··· MATERIAL TO PROCESS ···

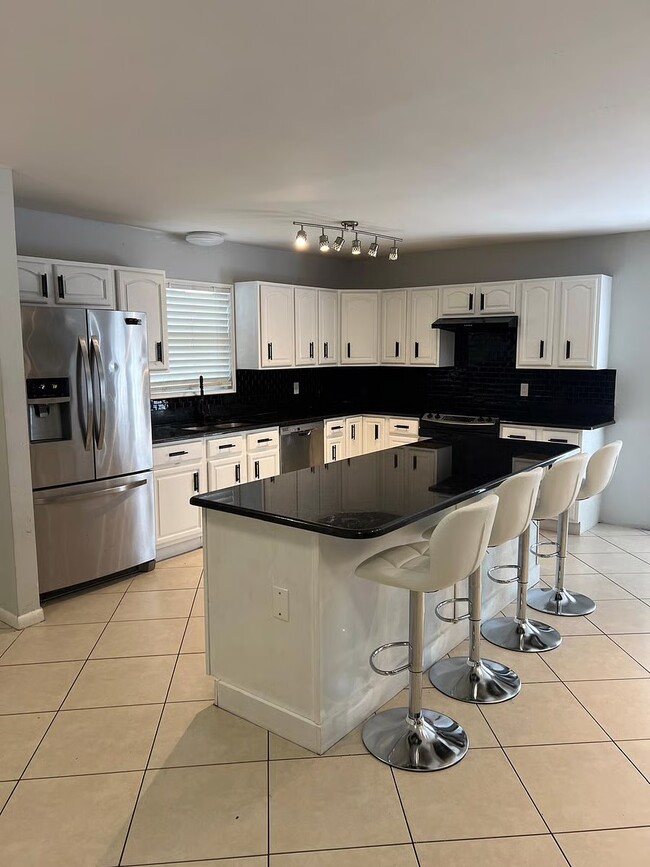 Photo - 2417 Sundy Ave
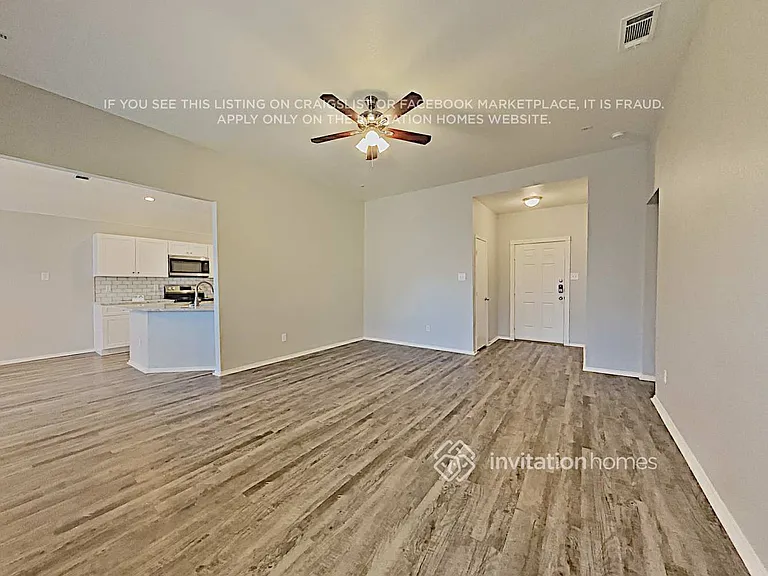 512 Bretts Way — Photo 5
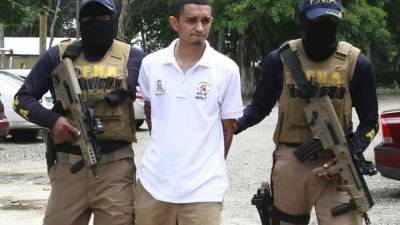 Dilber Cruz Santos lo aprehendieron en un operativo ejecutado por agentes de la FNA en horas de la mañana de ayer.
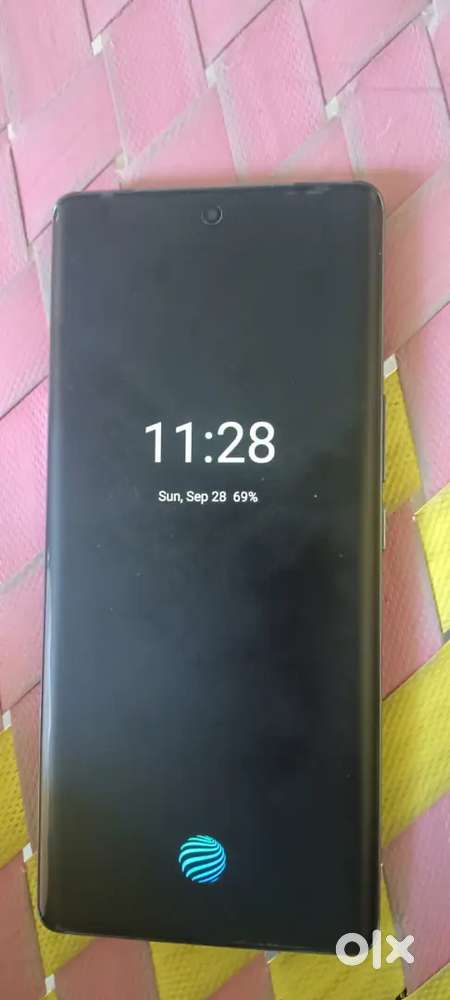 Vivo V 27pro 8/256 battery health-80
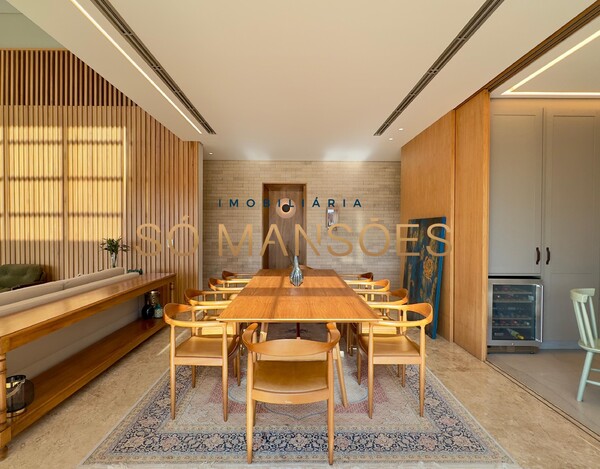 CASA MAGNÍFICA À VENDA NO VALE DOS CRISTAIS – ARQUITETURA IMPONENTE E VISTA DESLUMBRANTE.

···

Only an exact copy of the lines from the one with "Vivo V 27pro 8/256 battery health-80" through the last line of the data above is wanted, and no pictures.

SOLUTION:
 Vivo V 27pro 8/256 battery health-80
 CASA MAGNÍFICA À VENDA NO VALE DOS CRISTAIS – ARQUITETURA IMPONENTE E VISTA DESLUMBRANTE.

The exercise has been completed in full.